Entries taken from a collection

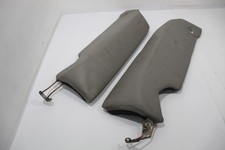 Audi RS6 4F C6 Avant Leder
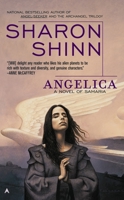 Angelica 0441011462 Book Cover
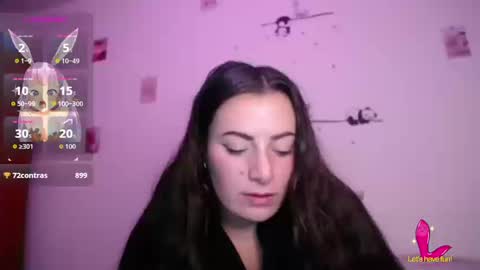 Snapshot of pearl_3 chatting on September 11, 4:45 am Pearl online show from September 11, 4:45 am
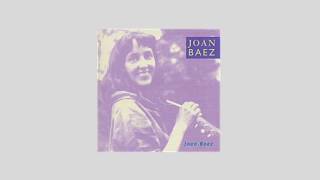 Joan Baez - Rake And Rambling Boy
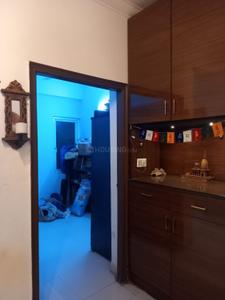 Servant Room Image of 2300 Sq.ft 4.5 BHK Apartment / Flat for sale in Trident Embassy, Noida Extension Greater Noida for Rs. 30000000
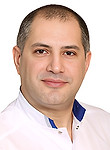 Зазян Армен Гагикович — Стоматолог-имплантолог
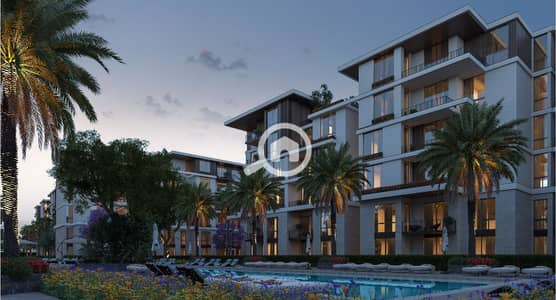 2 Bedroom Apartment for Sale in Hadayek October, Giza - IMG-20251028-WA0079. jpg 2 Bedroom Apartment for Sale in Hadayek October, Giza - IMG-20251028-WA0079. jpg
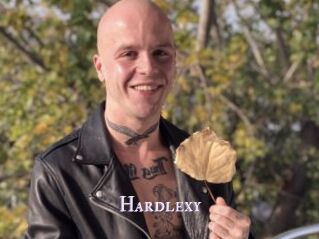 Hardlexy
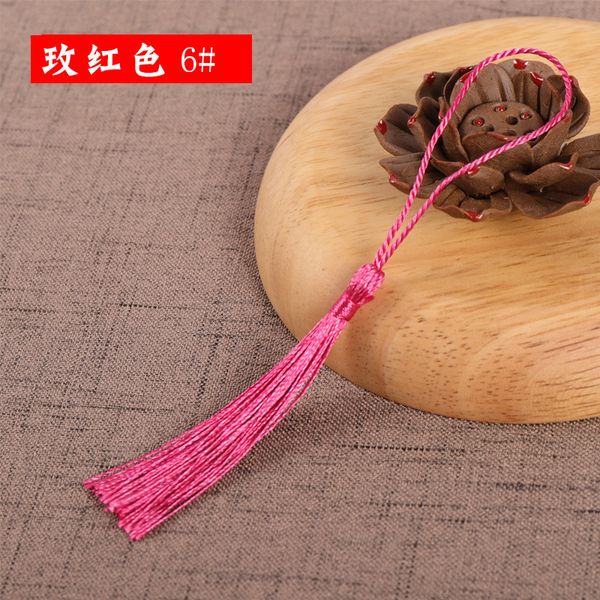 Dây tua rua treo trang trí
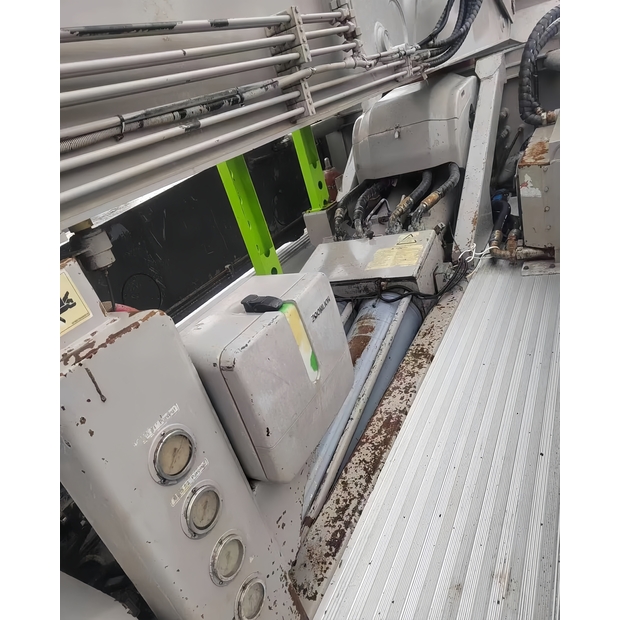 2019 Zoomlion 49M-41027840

==

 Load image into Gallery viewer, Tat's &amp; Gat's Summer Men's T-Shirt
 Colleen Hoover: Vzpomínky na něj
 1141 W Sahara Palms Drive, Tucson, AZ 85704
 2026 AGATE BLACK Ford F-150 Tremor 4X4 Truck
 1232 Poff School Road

* * *

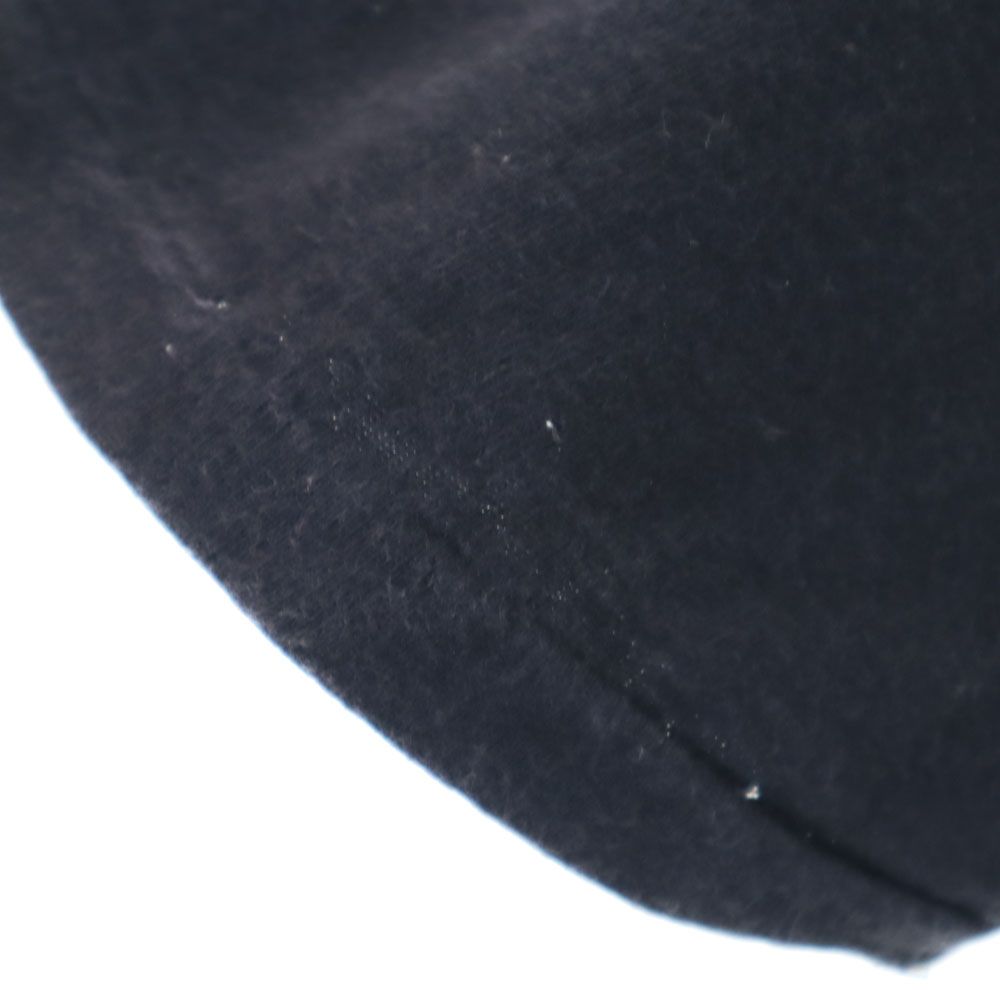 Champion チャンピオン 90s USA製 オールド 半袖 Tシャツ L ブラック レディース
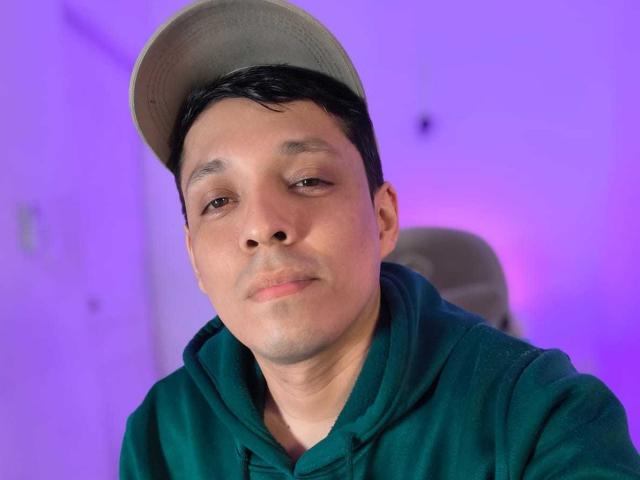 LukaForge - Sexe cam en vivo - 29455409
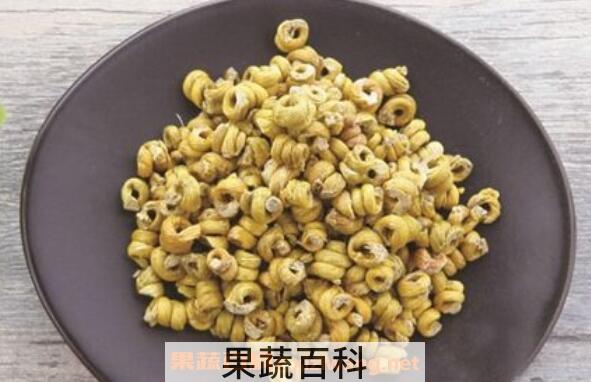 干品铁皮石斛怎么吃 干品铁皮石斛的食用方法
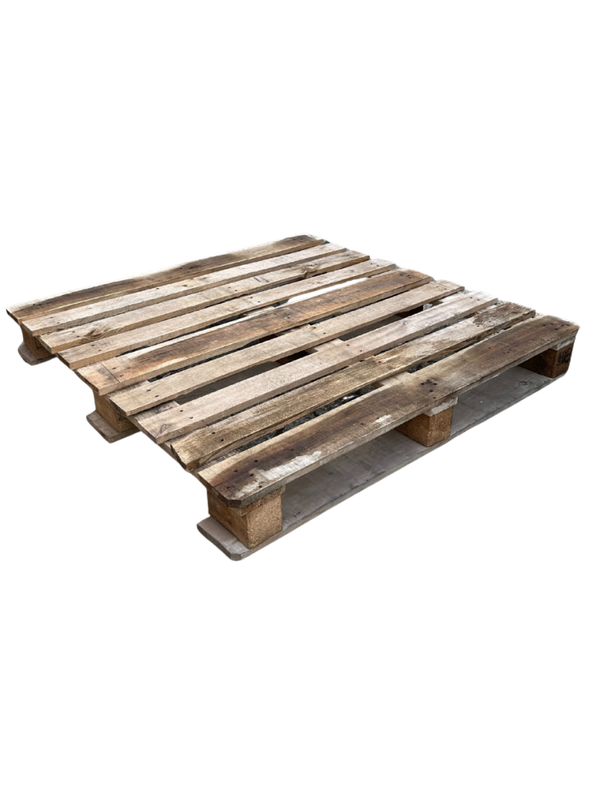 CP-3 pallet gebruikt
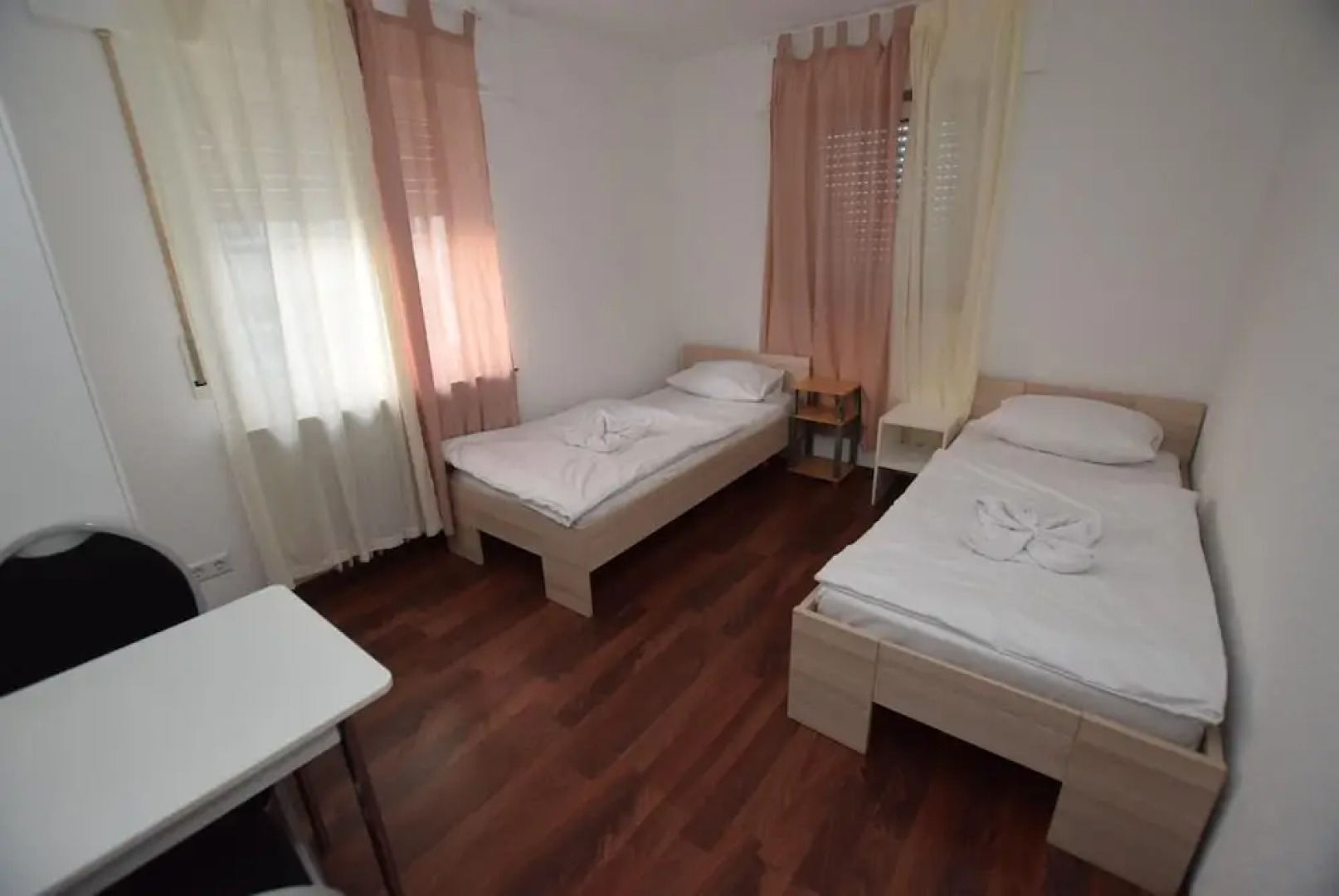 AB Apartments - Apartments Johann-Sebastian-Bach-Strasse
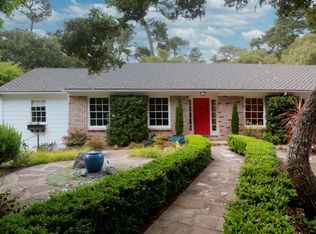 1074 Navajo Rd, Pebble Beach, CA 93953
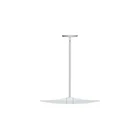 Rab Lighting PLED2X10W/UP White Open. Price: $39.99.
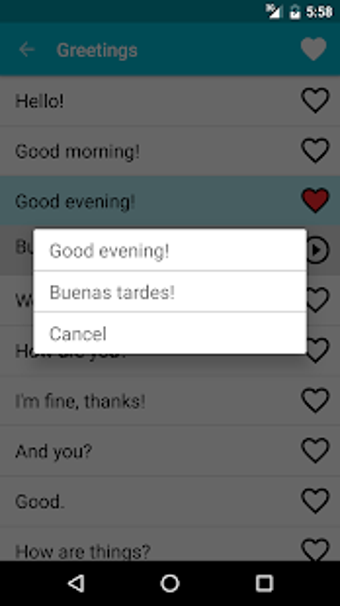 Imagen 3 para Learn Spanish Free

## EXERCISE AIM
Print exactly the lines above that run from the one with "LukaForge - Sexe cam en vivo - 29455409" down to the one with "Imagen 3 para Learn Spanish Free", and omit the pictures.

## RESPONSE BELOW
 LukaForge - Sexe cam en vivo - 29455409
 干品铁皮石斛怎么吃 干品铁皮石斛的食用方法
 CP-3 pallet gebruikt
 AB Apartments - Apartments Johann-Sebastian-Bach-Strasse
 1074 Navajo Rd, Pebble Beach, CA 93953
 Rab Lighting PLED2X10W/UP White Open. Price: $39.99.
 Imagen 3 para Learn Spanish Free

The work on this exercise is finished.